Start of Block

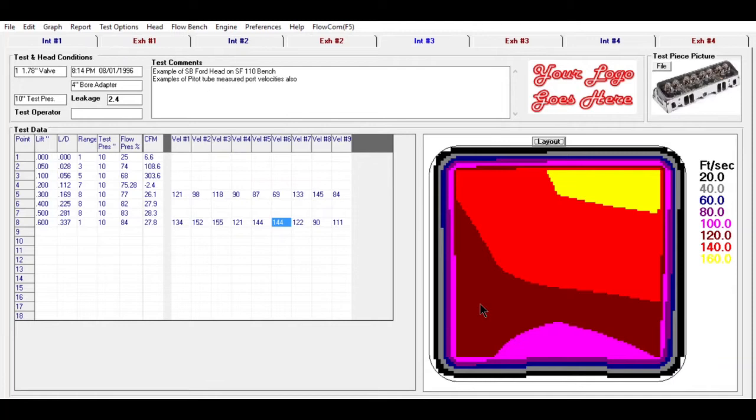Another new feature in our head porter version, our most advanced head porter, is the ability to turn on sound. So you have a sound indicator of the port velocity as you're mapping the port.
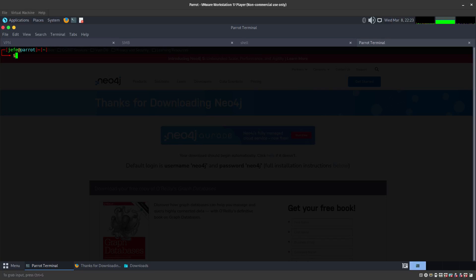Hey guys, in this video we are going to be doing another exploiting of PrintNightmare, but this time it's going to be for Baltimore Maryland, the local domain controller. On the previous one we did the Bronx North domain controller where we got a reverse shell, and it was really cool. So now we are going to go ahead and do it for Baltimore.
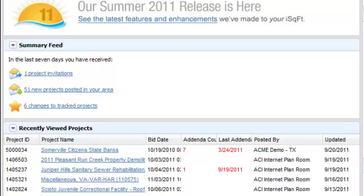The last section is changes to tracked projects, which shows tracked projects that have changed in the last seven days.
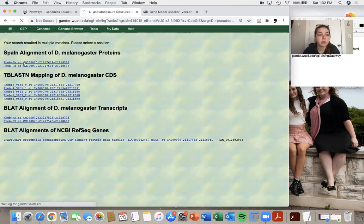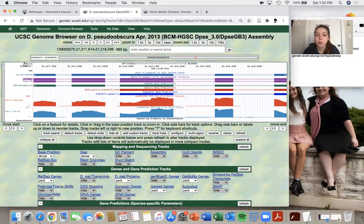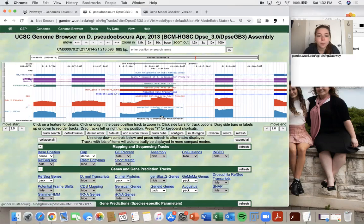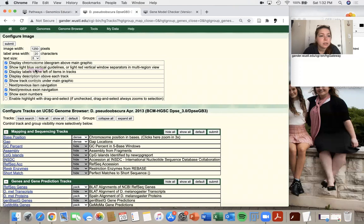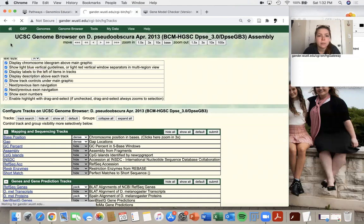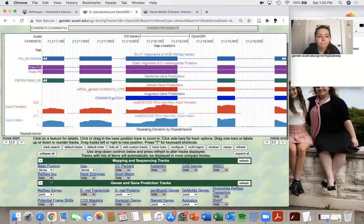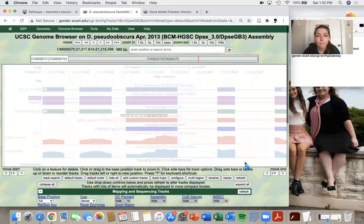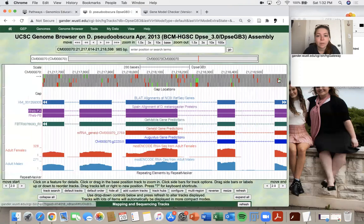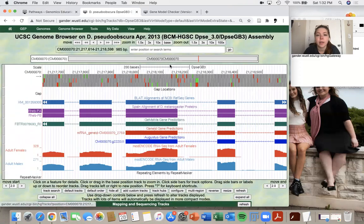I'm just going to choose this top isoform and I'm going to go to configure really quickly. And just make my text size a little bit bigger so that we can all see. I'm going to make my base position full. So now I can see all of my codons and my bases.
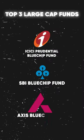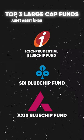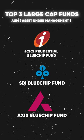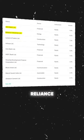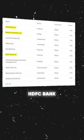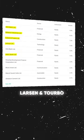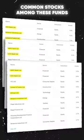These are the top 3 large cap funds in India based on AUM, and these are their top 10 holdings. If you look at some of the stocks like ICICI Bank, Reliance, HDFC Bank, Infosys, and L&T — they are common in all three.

End of Block
Start of Block

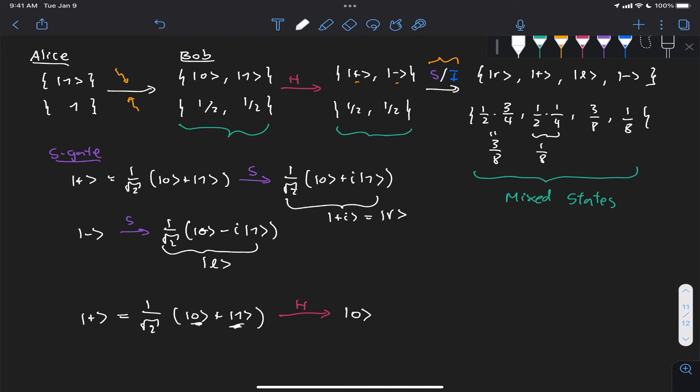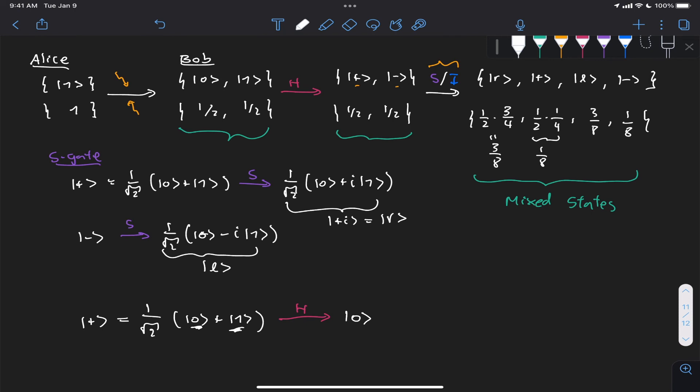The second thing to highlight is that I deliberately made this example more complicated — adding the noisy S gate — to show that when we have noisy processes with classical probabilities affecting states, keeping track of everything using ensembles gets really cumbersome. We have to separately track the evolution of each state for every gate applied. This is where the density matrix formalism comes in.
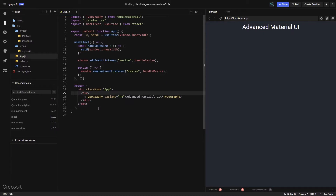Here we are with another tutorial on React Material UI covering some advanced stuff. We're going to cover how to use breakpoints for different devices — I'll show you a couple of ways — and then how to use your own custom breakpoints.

End of Block
Start of Block

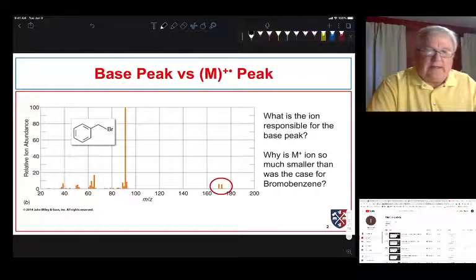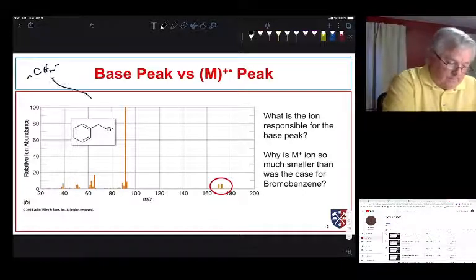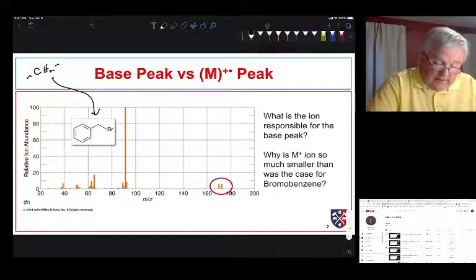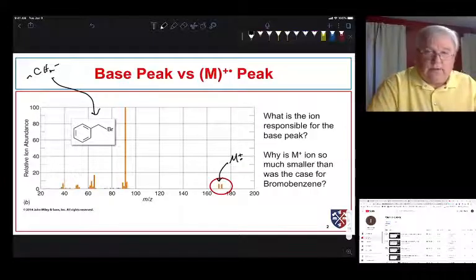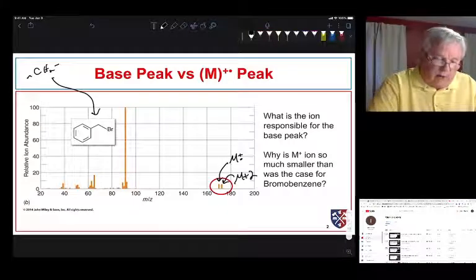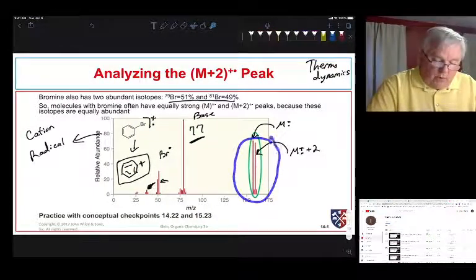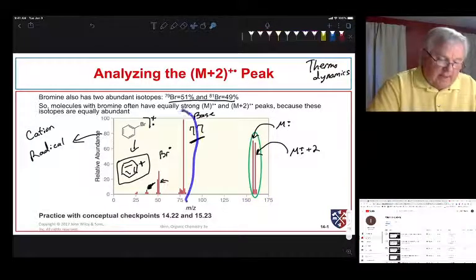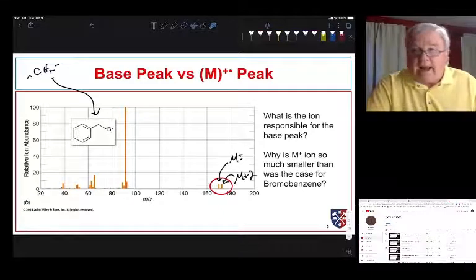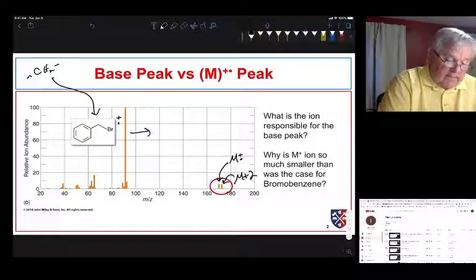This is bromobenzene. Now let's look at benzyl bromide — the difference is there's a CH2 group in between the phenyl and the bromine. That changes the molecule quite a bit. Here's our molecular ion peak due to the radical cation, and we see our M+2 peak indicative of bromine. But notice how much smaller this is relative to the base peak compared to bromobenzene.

End of Block

PROBLEM REQUIREMENTS >> Above are entries with pictures among them. Write out exactly the lines from the one containing "Hey guys, in" through the one containing "These are the top", ends included, and leave those pictures out.

SOLVED PROBLEM >>
Hey guys, in this video we are going to be doing another exploiting of PrintNightmare, but this time it's going to be for Baltimore Maryland, the local domain controller. On the previous one we did the Bronx North domain controller where we got a reverse shell, and it was really cool. So now we are going to go ahead and do it for Baltimore.
The last section is changes to tracked projects, which shows tracked projects that have changed in the last seven days.
I'm just going to choose this top isoform and I'm going to go to configure really quickly. And just make my text size a little bit bigger so that we can all see. I'm going to make my base position full. So now I can see all of my codons and my bases.
These are the top 3 large cap funds in India based on AUM, and these are their top 10 holdings. If you look at some of the stocks like ICICI Bank, Reliance, HDFC Bank, Infosys, and L&T — they are common in all three.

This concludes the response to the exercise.